■ **Entries taken from a collection**

== Segment start ==

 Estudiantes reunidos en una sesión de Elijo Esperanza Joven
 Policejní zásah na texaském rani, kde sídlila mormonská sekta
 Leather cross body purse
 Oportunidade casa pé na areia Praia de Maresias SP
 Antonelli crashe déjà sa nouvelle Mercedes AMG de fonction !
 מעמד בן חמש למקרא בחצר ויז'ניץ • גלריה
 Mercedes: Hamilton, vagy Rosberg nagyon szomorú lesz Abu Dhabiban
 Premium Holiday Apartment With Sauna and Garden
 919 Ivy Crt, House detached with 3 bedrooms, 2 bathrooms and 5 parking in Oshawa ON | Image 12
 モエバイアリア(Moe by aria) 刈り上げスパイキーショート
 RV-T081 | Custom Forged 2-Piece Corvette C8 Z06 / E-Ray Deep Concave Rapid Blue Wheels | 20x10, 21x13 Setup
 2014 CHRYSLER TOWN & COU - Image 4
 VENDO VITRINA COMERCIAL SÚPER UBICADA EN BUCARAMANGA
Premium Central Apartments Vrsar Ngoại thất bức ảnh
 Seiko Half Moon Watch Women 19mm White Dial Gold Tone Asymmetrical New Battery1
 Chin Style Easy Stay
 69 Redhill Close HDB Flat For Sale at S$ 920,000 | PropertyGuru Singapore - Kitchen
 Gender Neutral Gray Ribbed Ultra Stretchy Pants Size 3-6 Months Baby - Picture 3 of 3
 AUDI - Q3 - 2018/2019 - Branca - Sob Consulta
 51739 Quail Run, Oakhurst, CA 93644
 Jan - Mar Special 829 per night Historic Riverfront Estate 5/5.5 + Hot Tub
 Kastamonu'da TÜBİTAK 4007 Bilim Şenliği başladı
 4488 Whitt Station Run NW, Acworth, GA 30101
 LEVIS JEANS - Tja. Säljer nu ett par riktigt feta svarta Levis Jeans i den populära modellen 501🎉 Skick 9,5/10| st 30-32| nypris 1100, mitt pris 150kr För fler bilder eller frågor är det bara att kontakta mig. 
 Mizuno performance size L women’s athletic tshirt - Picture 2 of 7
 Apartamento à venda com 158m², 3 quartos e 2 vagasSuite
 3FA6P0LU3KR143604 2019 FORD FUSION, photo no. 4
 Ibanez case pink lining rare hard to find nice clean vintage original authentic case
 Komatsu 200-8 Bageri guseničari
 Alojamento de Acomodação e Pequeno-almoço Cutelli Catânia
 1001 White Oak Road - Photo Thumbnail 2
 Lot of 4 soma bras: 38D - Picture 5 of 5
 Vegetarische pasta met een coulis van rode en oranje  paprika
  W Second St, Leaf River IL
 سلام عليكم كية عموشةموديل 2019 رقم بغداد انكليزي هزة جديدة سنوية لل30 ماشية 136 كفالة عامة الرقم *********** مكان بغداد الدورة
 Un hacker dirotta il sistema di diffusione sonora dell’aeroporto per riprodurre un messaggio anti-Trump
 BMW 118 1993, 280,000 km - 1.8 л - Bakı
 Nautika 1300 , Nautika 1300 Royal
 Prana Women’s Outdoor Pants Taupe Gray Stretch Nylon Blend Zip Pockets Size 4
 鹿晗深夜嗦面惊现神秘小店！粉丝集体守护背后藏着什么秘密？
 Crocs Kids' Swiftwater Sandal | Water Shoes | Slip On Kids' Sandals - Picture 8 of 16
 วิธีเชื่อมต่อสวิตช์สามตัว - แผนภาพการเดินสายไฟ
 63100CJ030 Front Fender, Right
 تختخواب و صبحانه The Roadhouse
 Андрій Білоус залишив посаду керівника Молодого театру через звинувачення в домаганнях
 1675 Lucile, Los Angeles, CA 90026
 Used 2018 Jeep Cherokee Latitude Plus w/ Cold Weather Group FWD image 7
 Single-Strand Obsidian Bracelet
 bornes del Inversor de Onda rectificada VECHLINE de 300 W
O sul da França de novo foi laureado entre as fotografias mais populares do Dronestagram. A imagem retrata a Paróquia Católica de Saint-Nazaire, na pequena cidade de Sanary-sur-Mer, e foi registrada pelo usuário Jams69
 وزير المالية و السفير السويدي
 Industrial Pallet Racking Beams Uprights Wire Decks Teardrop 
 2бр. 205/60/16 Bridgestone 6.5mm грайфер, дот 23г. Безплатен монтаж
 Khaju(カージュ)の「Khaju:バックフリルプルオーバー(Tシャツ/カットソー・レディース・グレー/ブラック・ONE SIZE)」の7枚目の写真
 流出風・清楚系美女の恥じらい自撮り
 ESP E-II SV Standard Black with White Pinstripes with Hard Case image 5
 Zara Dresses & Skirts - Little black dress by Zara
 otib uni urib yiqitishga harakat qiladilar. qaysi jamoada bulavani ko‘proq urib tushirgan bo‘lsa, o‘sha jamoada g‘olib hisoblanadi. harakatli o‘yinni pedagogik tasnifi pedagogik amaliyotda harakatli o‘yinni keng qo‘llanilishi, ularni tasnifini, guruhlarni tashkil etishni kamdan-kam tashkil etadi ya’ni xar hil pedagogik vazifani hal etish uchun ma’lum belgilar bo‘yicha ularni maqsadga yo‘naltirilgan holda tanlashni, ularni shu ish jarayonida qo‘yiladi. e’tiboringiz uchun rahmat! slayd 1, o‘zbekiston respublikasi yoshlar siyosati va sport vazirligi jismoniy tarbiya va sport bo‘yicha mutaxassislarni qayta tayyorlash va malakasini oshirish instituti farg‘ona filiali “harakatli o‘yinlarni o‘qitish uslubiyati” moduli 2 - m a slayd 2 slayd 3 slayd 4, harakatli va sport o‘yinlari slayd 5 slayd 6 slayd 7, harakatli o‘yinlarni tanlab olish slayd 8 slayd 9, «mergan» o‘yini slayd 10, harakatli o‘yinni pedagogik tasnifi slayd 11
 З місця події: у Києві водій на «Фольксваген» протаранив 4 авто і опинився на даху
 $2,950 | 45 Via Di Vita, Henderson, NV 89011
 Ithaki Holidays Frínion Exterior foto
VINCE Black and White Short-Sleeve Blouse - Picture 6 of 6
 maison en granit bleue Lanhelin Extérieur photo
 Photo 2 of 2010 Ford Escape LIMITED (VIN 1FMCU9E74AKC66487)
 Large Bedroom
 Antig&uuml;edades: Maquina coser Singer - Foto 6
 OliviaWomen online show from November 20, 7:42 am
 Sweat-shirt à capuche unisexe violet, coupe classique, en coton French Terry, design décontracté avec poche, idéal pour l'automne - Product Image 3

== Segment end ==

■ **Task requirements**
Exact copies of all the records are to be printed.

■ **Task output**
 Estudiantes reunidos en una sesión de Elijo Esperanza Joven
 Policejní zásah na texaském rani, kde sídlila mormonská sekta
 Leather cross body purse
 Oportunidade casa pé na areia Praia de Maresias SP
 Antonelli crashe déjà sa nouvelle Mercedes AMG de fonction !
 מעמד בן חמש למקרא בחצר ויז'ניץ • גלריה
 Mercedes: Hamilton, vagy Rosberg nagyon szomorú lesz Abu Dhabiban
 Premium Holiday Apartment With Sauna and Garden
 919 Ivy Crt, House detached with 3 bedrooms, 2 bathrooms and 5 parking in Oshawa ON | Image 12
 モエバイアリア(Moe by aria) 刈り上げスパイキーショート
 RV-T081 | Custom Forged 2-Piece Corvette C8 Z06 / E-Ray Deep Concave Rapid Blue Wheels | 20x10, 21x13 Setup
 2014 CHRYSLER TOWN & COU - Image 4
 VENDO VITRINA COMERCIAL SÚPER UBICADA EN BUCARAMANGA
Premium Central Apartments Vrsar Ngoại thất bức ảnh
 Seiko Half Moon Watch Women 19mm White Dial Gold Tone Asymmetrical New Battery1
 Chin Style Easy Stay
 69 Redhill Close HDB Flat For Sale at S$ 920,000 | PropertyGuru Singapore - Kitchen
 Gender Neutral Gray Ribbed Ultra Stretchy Pants Size 3-6 Months Baby - Picture 3 of 3
 AUDI - Q3 - 2018/2019 - Branca - Sob Consulta
 51739 Quail Run, Oakhurst, CA 93644
 Jan - Mar Special 829 per night Historic Riverfront Estate 5/5.5 + Hot Tub
 Kastamonu'da TÜBİTAK 4007 Bilim Şenliği başladı
 4488 Whitt Station Run NW, Acworth, GA 30101
 LEVIS JEANS - Tja. Säljer nu ett par riktigt feta svarta Levis Jeans i den populära modellen 501🎉 Skick 9,5/10| st 30-32| nypris 1100, mitt pris 150kr För fler bilder eller frågor är det bara att kontakta mig. 
 Mizuno performance size L women’s athletic tshirt - Picture 2 of 7
 Apartamento à venda com 158m², 3 quartos e 2 vagasSuite
 3FA6P0LU3KR143604 2019 FORD FUSION, photo no. 4
 Ibanez case pink lining rare hard to find nice clean vintage original authentic case
 Komatsu 200-8 Bageri guseničari
 Alojamento de Acomodação e Pequeno-almoço Cutelli Catânia
 1001 White Oak Road - Photo Thumbnail 2
 Lot of 4 soma bras: 38D - Picture 5 of 5
 Vegetarische pasta met een coulis van rode en oranje  paprika
  W Second St, Leaf River IL
 سلام عليكم كية عموشةموديل 2019 رقم بغداد انكليزي هزة جديدة سنوية لل30 ماشية 136 كفالة عامة الرقم *********** مكان بغداد الدورة
 Un hacker dirotta il sistema di diffusione sonora dell’aeroporto per riprodurre un messaggio anti-Trump
 BMW 118 1993, 280,000 km - 1.8 л - Bakı
 Nautika 1300 , Nautika 1300 Royal
 Prana Women’s Outdoor Pants Taupe Gray Stretch Nylon Blend Zip Pockets Size 4
 鹿晗深夜嗦面惊现神秘小店！粉丝集体守护背后藏着什么秘密？
 Crocs Kids' Swiftwater Sandal | Water Shoes | Slip On Kids' Sandals - Picture 8 of 16
 วิธีเชื่อมต่อสวิตช์สามตัว - แผนภาพการเดินสายไฟ
 63100CJ030 Front Fender, Right
 تختخواب و صبحانه The Roadhouse
 Андрій Білоус залишив посаду керівника Молодого театру через звинувачення в домаганнях
 1675 Lucile, Los Angeles, CA 90026
 Used 2018 Jeep Cherokee Latitude Plus w/ Cold Weather Group FWD image 7
 Single-Strand Obsidian Bracelet
 bornes del Inversor de Onda rectificada VECHLINE de 300 W
O sul da França de novo foi laureado entre as fotografias mais populares do Dronestagram. A imagem retrata a Paróquia Católica de Saint-Nazaire, na pequena cidade de Sanary-sur-Mer, e foi registrada pelo usuário Jams69
 وزير المالية و السفير السويدي
 Industrial Pallet Racking Beams Uprights Wire Decks Teardrop 
 2бр. 205/60/16 Bridgestone 6.5mm грайфер, дот 23г. Безплатен монтаж
 Khaju(カージュ)の「Khaju:バックフリルプルオーバー(Tシャツ/カットソー・レディース・グレー/ブラック・ONE SIZE)」の7枚目の写真
 流出風・清楚系美女の恥じらい自撮り
 ESP E-II SV Standard Black with White Pinstripes with Hard Case image 5
 Zara Dresses & Skirts - Little black dress by Zara
 otib uni urib yiqitishga harakat qiladilar. qaysi jamoada bulavani ko‘proq urib tushirgan bo‘lsa, o‘sha jamoada g‘olib hisoblanadi. harakatli o‘yinni pedagogik tasnifi pedagogik amaliyotda harakatli o‘yinni keng qo‘llanilishi, ularni tasnifini, guruhlarni tashkil etishni kamdan-kam tashkil etadi ya’ni xar hil pedagogik vazifani hal etish uchun ma’lum belgilar bo‘yicha ularni maqsadga yo‘naltirilgan holda tanlashni, ularni shu ish jarayonida qo‘yiladi. e’tiboringiz uchun rahmat! slayd 1, o‘zbekiston respublikasi yoshlar siyosati va sport vazirligi jismoniy tarbiya va sport bo‘yicha mutaxassislarni qayta tayyorlash va malakasini oshirish instituti farg‘ona filiali “harakatli o‘yinlarni o‘qitish uslubiyati” moduli 2 - m a slayd 2 slayd 3 slayd 4, harakatli va sport o‘yinlari slayd 5 slayd 6 slayd 7, harakatli o‘yinlarni tanlab olish slayd 8 slayd 9, «mergan» o‘yini slayd 10, harakatli o‘yinni pedagogik tasnifi slayd 11
 З місця події: у Києві водій на «Фольксваген» протаранив 4 авто і опинився на даху
 $2,950 | 45 Via Di Vita, Henderson, NV 89011
 Ithaki Holidays Frínion Exterior foto
VINCE Black and White Short-Sleeve Blouse - Picture 6 of 6
 maison en granit bleue Lanhelin Extérieur photo
 Photo 2 of 2010 Ford Escape LIMITED (VIN 1FMCU9E74AKC66487)
 Large Bedroom
 Antig&uuml;edades: Maquina coser Singer - Foto 6
 OliviaWomen online show from November 20, 7:42 am
 Sweat-shirt à capuche unisexe violet, coupe classique, en coton French Terry, design décontracté avec poche, idéal pour l'automne - Product Image 3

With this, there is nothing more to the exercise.